Zum Besuch Mathildes hatte Heinrich sicher nur ein kleines Gefolge
mitgenommen, das Heer jedoch an der Via Emilia zurückgelassen, evtl.
nicht unmittelbar vor Parma, sondern eher in der Nähe des knapp 10 km
ö. Parma gelegenen S. Ilario d’Enza, von wo man im Tal der Enza am
leichtesten nach Bianello gelangen konnte. – Spätestens nach dem
Verlassen Bianellos hat dann Heinrich zweifellos in Parma Station
gemacht, wo die Impetration des D.73 für die dortigen Kanoniker
angenommen werden darf. Von Parma führte das Itinerar weiter über
Mantua und das nördlich davon gelegene Marengo (Ausstellort des D.73
vom 16. Mai) nach Verona, wo man am 17. oder 18. Mai eingetroffen sein
wird. Ob nun für die Erfüllung des klösterlichen Wunsches nach
Neuausfertigung während des Zuges sich keine Gelegenheit bot oder der
Wunsch zu spät vorgetragen wurde, in Verona selbst blieb angesichts
der dortigen dichten Urkundenproduktion (s. Vorbemerkung zu D.74)

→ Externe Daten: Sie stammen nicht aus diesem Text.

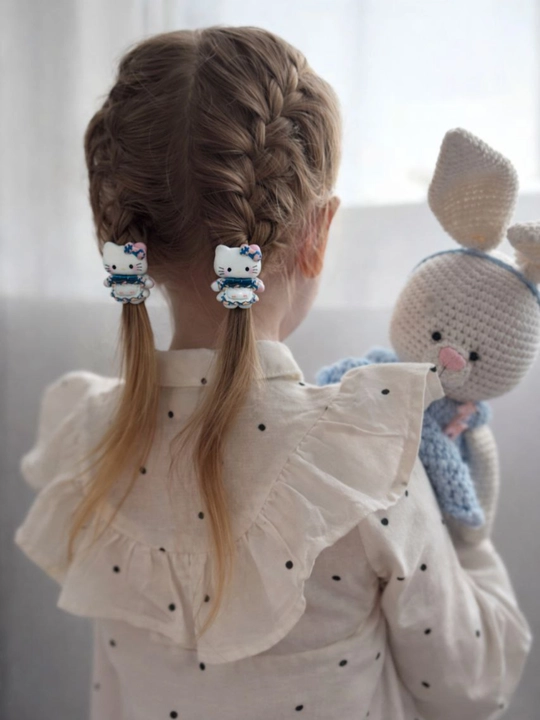 Очки и заколка, комплект для девочек 5-10 лет, очки, заколка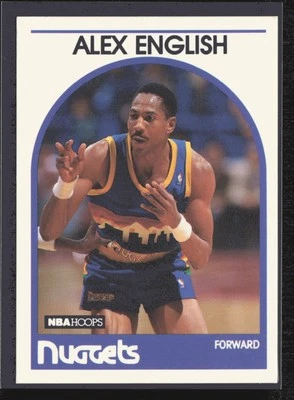 1989-90 Hoops #120 Alex English Denver Nuggets - Image 1 of 2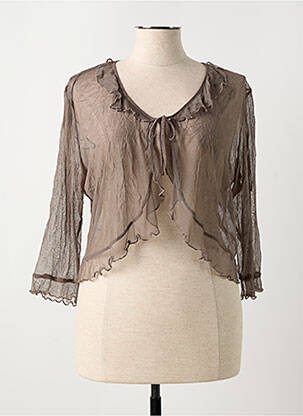 Bolero maro GUY DUBOUIS femeie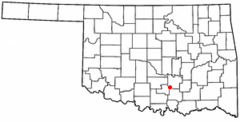 Ubicación en el condado de Murray en OklahomaUbicación de Oklahoma en EE. UU.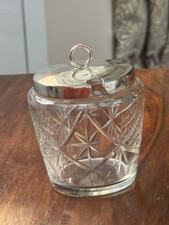 Cut glass preserve for sale  WORKINGTON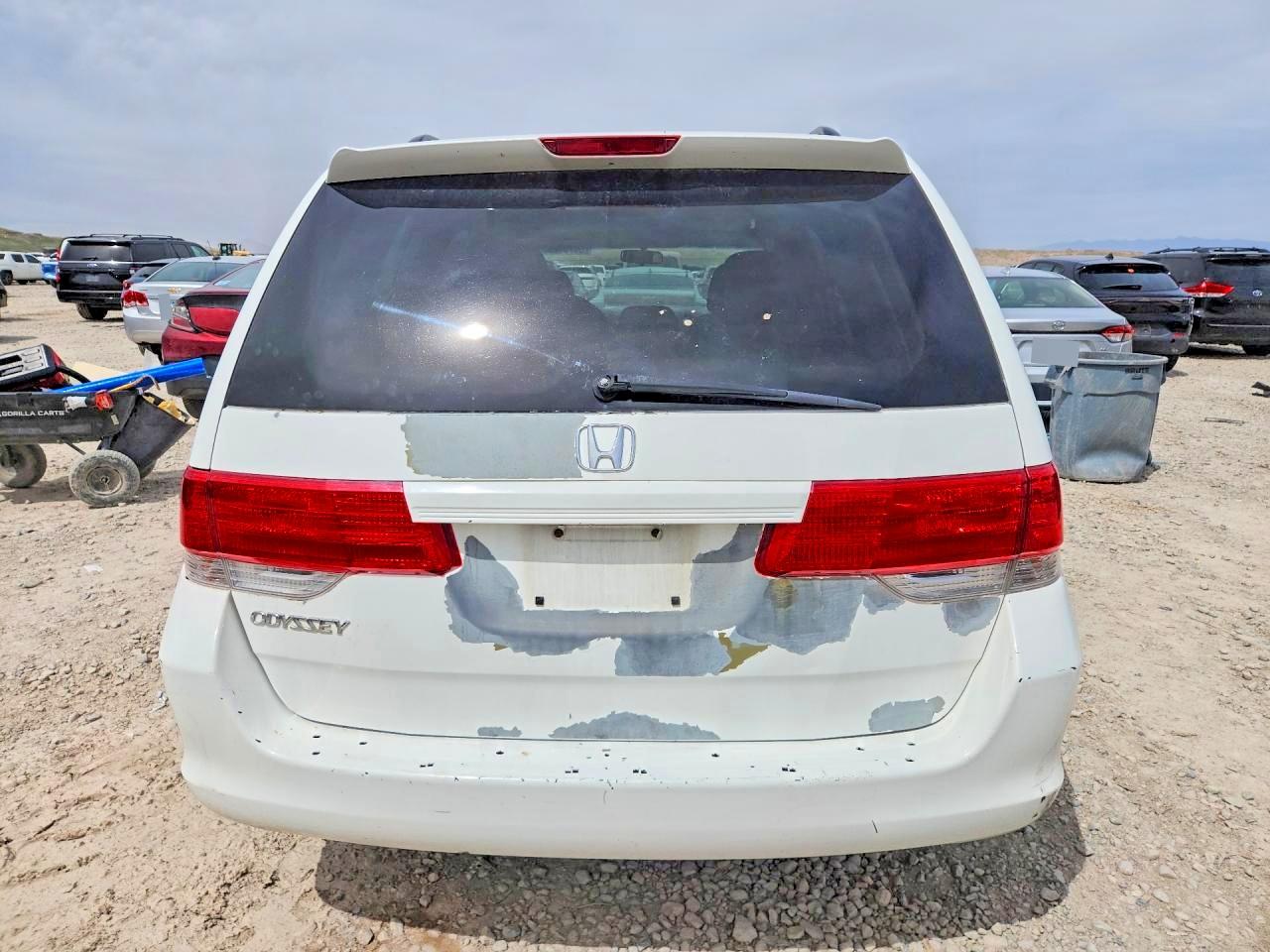 2008 Honda Odyssey Ex Белый vin: 5FNRL384X8B048318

dafür erst recht keine Zeit, ebensowenig wie bei dem folgenden, dem
Alpenübergang vorangehenden kurzen Zwischenhalt vom 24. Mai am
Gardasee (D.80), so dass der zu vermutende Empfängerschreiber dem Hof
nach Deutschland gefolgt sein muss, wo er dann aber wahrscheinlich sehr bald die neue Urkunde entgegennehmen konnte.
Bei Camaldoli ist, wie in unserem Diplom geschehen (vgl. auch Anm. h;
s. auch D.267), zu unterscheiden zwischen dem mit
hospitium verbundenen Kloster (Fontebuona) mit Donatuskirche und der 2,5 km
oberhalb gelegenen Eremitei mit Salvatorkirche (s. Kurze
in Lex. d. MA 2,1405). – Dass das
habitant und
habitare vel vivere in der Bestimmung über den Gerichtsstand nicht allein auf die
Klosterinsassen zu beziehen ist, sondern auch und in erster Linie (so
unser Regest) auf die Klosteruntertanen, zeigt das DF.I.426 von 1164
(S. 317 Z. 6:
fideles Christi Camaldulenses heremitas et proprios eorum homines eis
servientes). Zu den
ermanni (s. bei Anm. p) und den Besitzrechten Camaldolis in Anghiari vgl. Haverkamp, Herrschaftsformen 1,193–196, besonders 194 Anm. 131.